Intensive outpatient treatment is certainly a different experience on Zoom, but Shayla was able to form great relationships with members of her group and with her therapist.
Following treatment, Shayla chose a sober-living arrangement—the “best decision I could have made, especially during COVID,” she says. Shayla had previously relapsed because she isolated herself too much after treatment but she learned from that experience. This time, she was not going it alone.
“I did not have the opportunity to isolate in that home.
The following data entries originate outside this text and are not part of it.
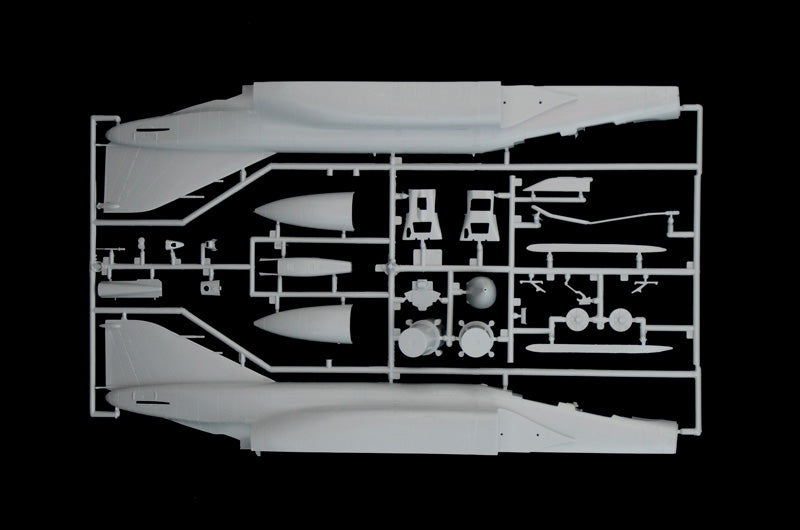 Italeri 2770S 1: 48 - F-4E Phantom II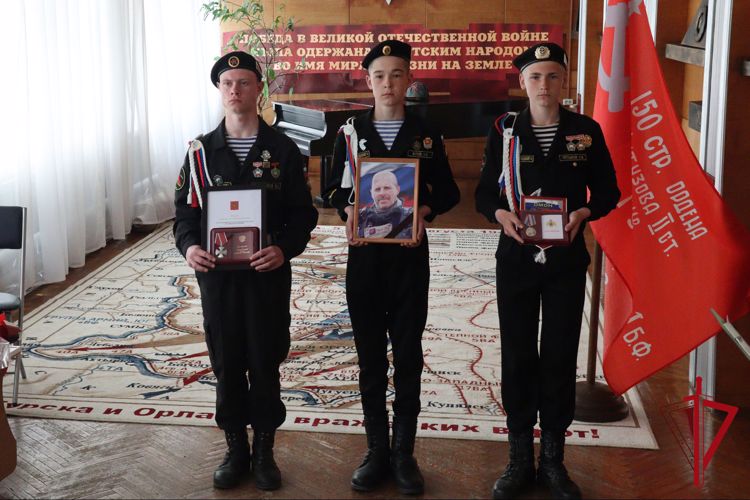 В Магадане семье героя специальной военной операции вручили государственную награду
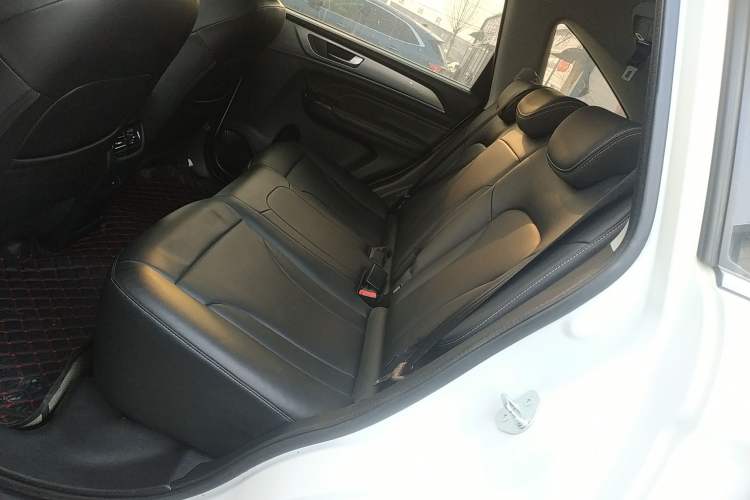 Used Haval M6 2021 PLUS 1.5T DCT Luxury Smart Connectivity Model
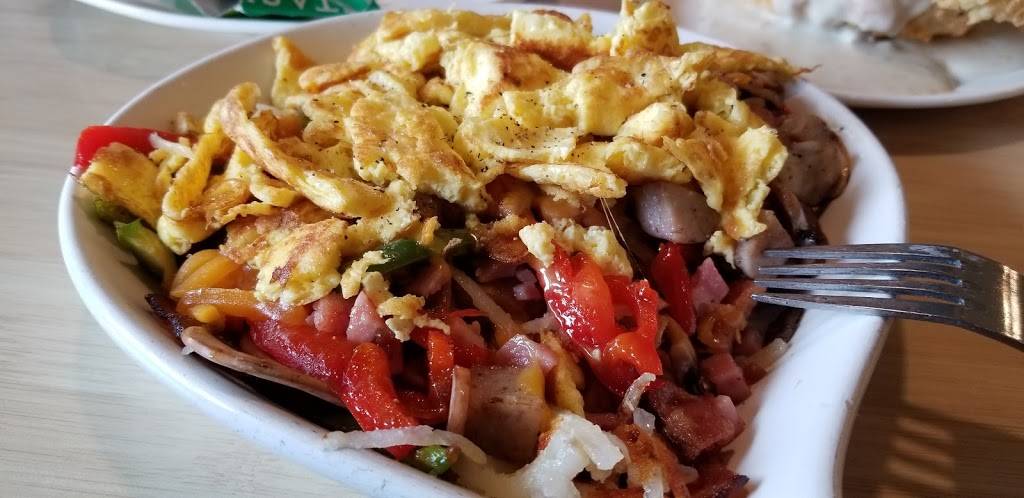 Sharis Cafe and Pies | bakery | 900 Beltline Rd, Springfield, OR 97477, USA | 5417416044 OR +1 541-741-6044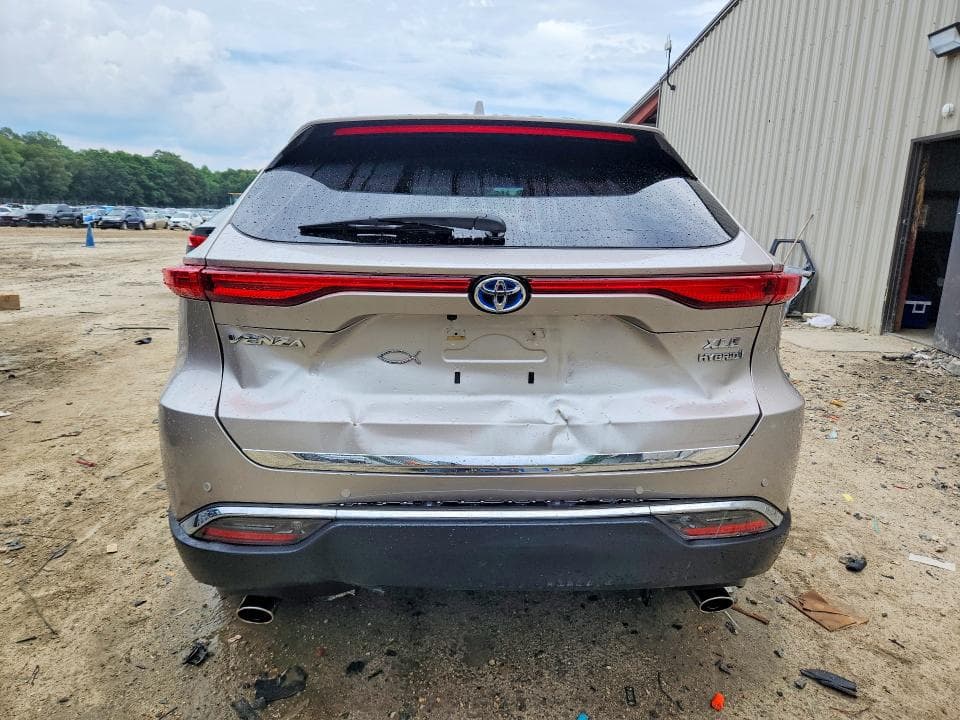 2021 TOYOTA VENZA XLE 6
I was always around a bunch of girls, and we were all stuck together, always finding creative ways to pass the time.” She had clear goals and requirements—such as how many meetings to attend—and it really helped her to stay sober and accountable.
This time her recovery was all about community and building strong relationships to support her. She looked for AA meetings online and attended daily or weekly. She focused on being open and honest, talking with people—she even got her sponsor via Zoom.
The coronavirus precautions are challenging, she says, especially if you’re introverted, but it’s doable. “Just put yourself out there. Say ‘I’m new, I’m a bit afraid, this is where I’m at, and I need help.’ People will definitely reach out. I was surprised to see how many people wanted to sponsor. The amount of support is really remarkable.”
“Good communication so important,” says Shayla. “I was able to help a lot of people as well.” She came well prepared with recovery tools she acquired at Harmony.  “I definitely rely a lot on my grounding tools, my breathing exercises. I make sure I have a solid morning routine—getting up on time, making my bed, meditation, prayer, and yoga, if I have enough time. Getting involved in AA meetings definitely has been important to me, that’s how I keep building my community.”
She stays in touch with the Harmony community and journals a lot. “It’s all about staying open-minded, and not being judgmental—everybody’s different.” At the same time, don’t be too serious, have some fun, and be yourself.
Shayla has a message for addicted people who think they can’t do it, who believe that recovery is too hard for them. “I know it’s a horrible pandemic but it gave me the time, and the opportunity to slow down, to actually focus on myself and work a program. It’s definitely worth considering going into treatment at Harmony Foundation—that place saved me, I don’t think I could have done it without their support.”
Harmony continues to serve people suffering from a substance use disorder during the pandemic and has implemented a number of precautionary measures to ensure staff and client safety. Delaying addiction treatment can be even more dangerous than COVID-19.
Shayla knows recovery is not easy. “Getting sober is hard but if you know in your heart that you want recovery and you feel now is the time, do it! Reach out to anyone you know, strangers, Harmony alumni, we are here for you,” she says.
“It’s possible, it’s doable, and it’s a lot better on the other side.”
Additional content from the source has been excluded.